Work request: For this task, copy all of the data below exactly and skip the pictures.

○ ○ ○ ○ ○

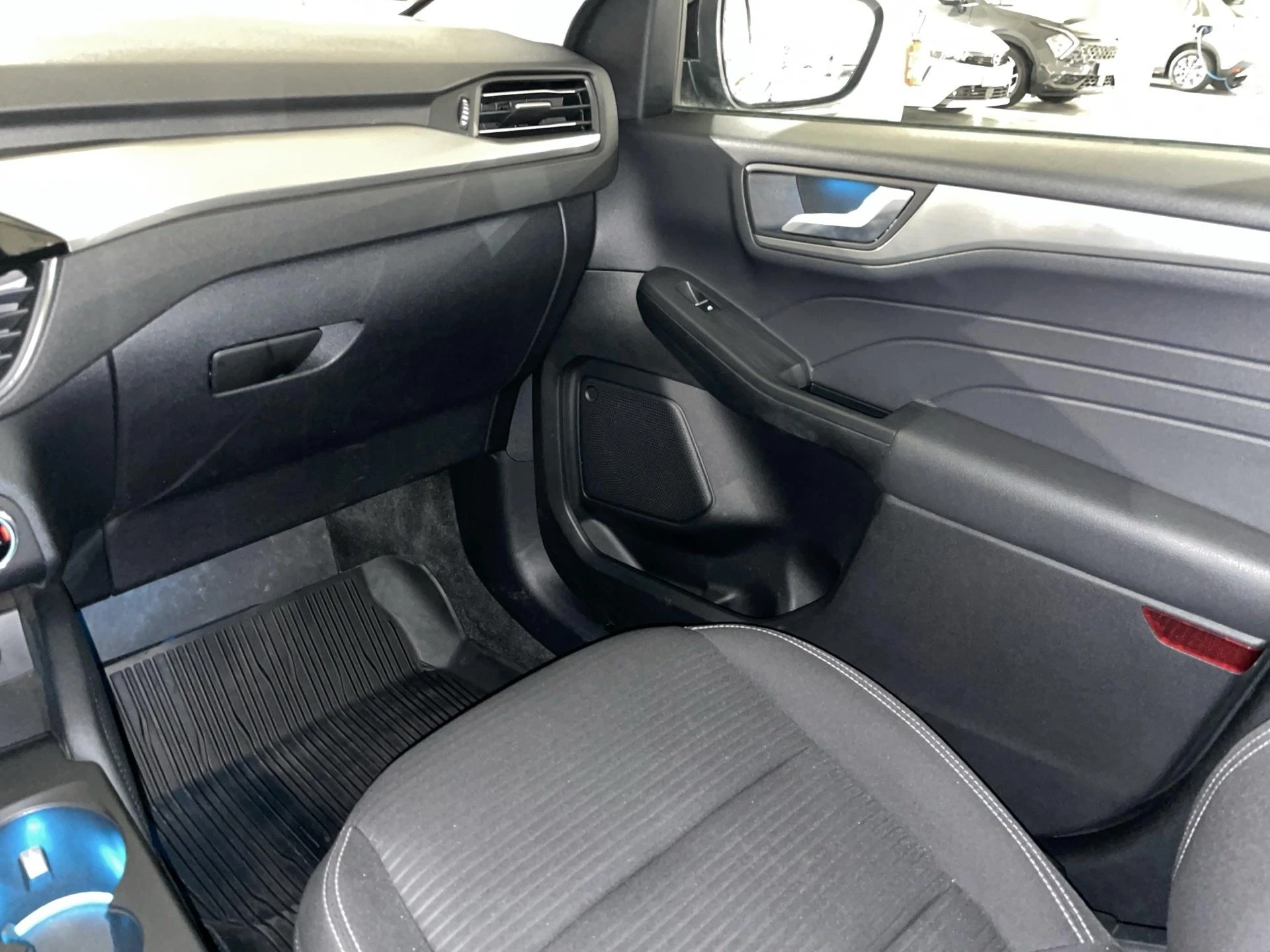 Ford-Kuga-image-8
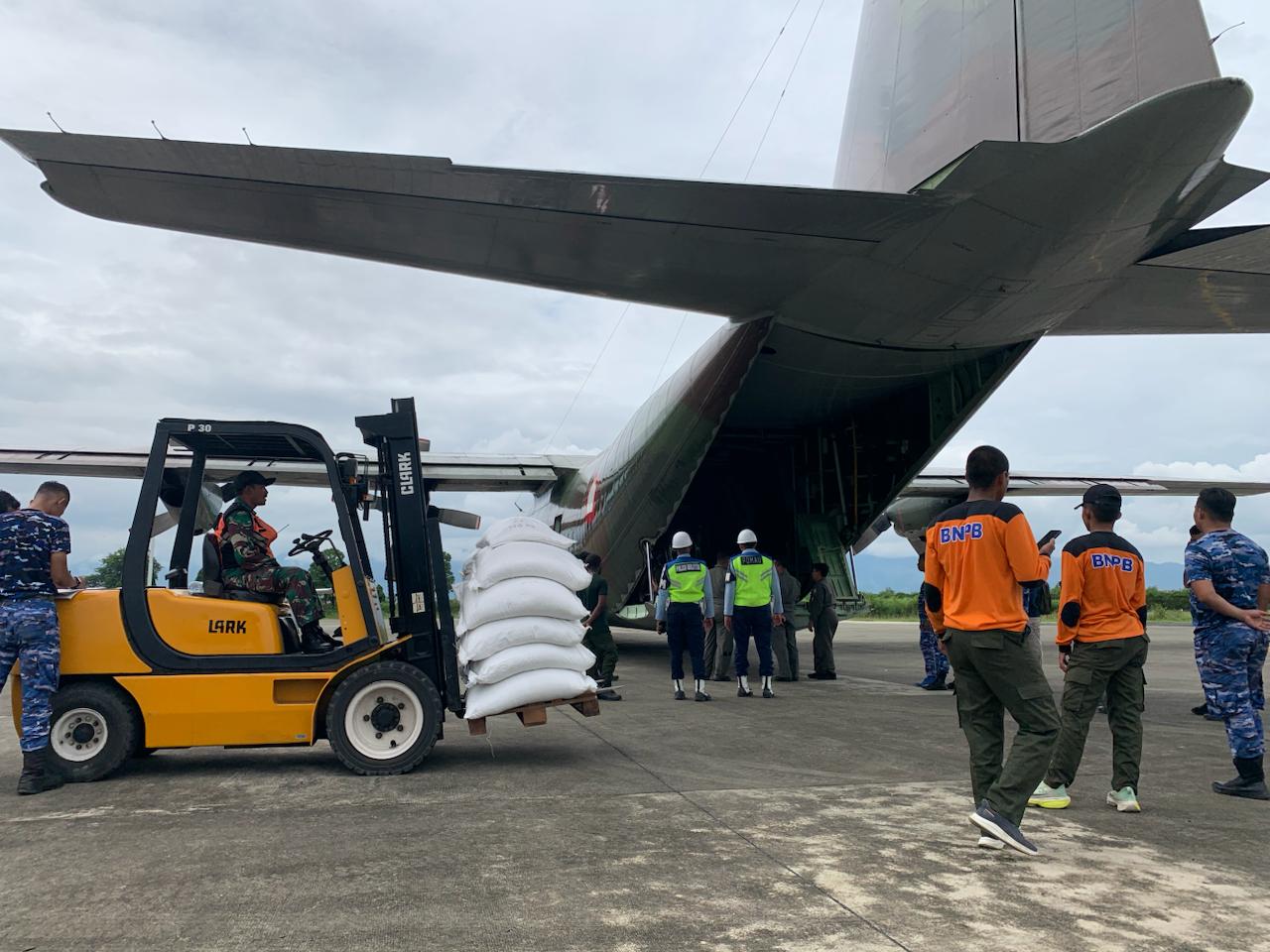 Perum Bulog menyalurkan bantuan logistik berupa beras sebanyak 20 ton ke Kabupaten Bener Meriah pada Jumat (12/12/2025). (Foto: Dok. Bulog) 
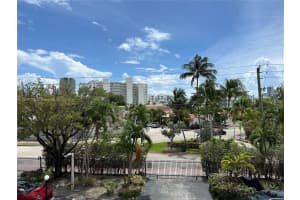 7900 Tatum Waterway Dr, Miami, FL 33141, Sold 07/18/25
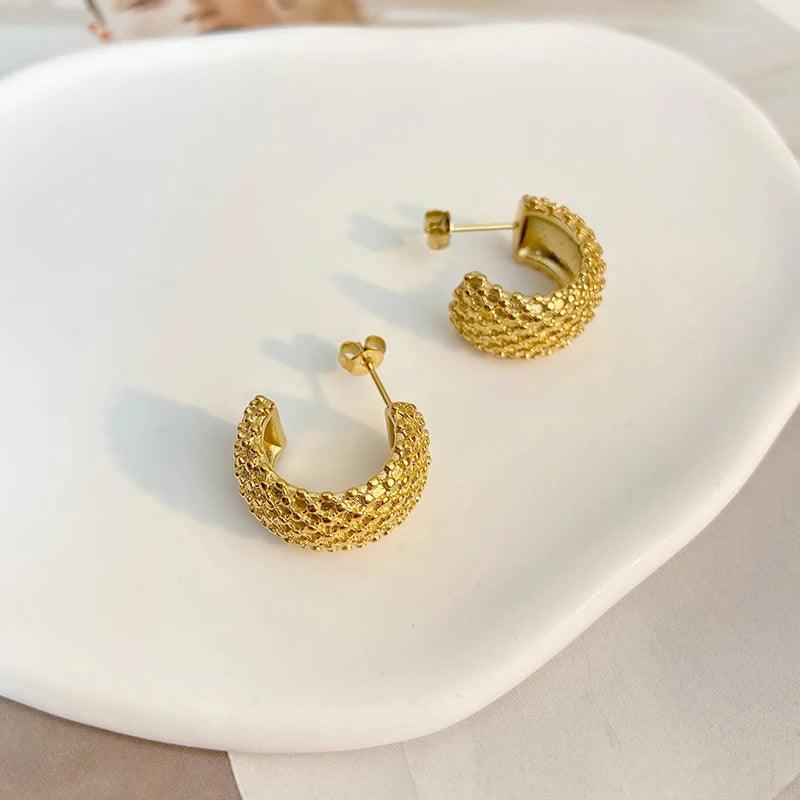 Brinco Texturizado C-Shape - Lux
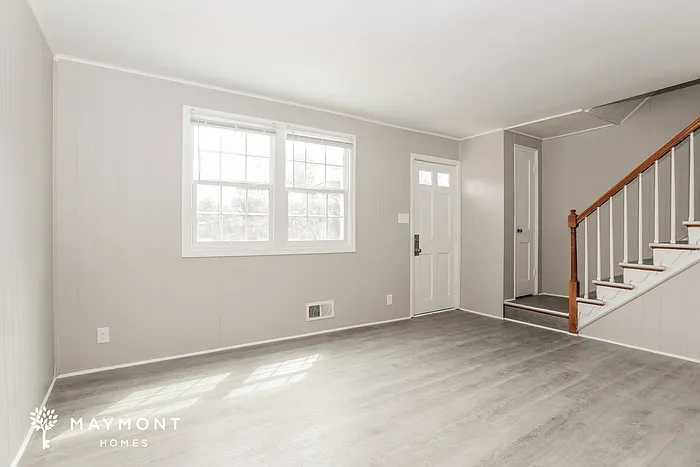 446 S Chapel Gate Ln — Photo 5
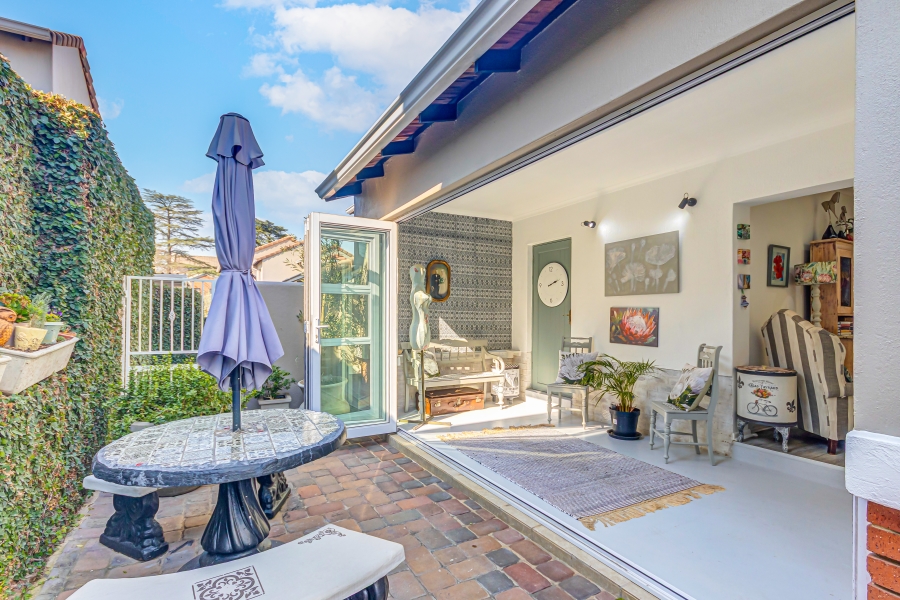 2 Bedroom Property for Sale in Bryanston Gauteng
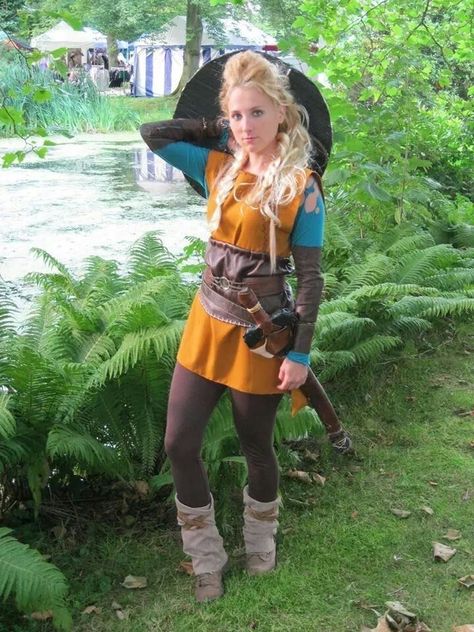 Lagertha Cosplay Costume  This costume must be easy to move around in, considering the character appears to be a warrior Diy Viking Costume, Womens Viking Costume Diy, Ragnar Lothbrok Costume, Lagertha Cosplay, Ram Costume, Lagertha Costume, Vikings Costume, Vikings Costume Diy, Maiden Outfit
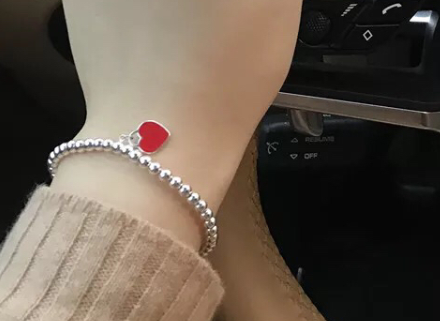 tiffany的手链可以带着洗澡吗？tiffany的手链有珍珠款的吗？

○ ○ ○ ○ ○

Solution to this task:
 Ford-Kuga-image-8
 Perum Bulog menyalurkan bantuan logistik berupa beras sebanyak 20 ton ke Kabupaten Bener Meriah pada Jumat (12/12/2025). (Foto: Dok. Bulog) 
 7900 Tatum Waterway Dr, Miami, FL 33141, Sold 07/18/25
 Brinco Texturizado C-Shape - Lux
 446 S Chapel Gate Ln — Photo 5
 2 Bedroom Property for Sale in Bryanston Gauteng
 Lagertha Cosplay Costume  This costume must be easy to move around in, considering the character appears to be a warrior Diy Viking Costume, Womens Viking Costume Diy, Ragnar Lothbrok Costume, Lagertha Cosplay, Ram Costume, Lagertha Costume, Vikings Costume, Vikings Costume Diy, Maiden Outfit
 tiffany的手链可以带着洗澡吗？tiffany的手链有珍珠款的吗？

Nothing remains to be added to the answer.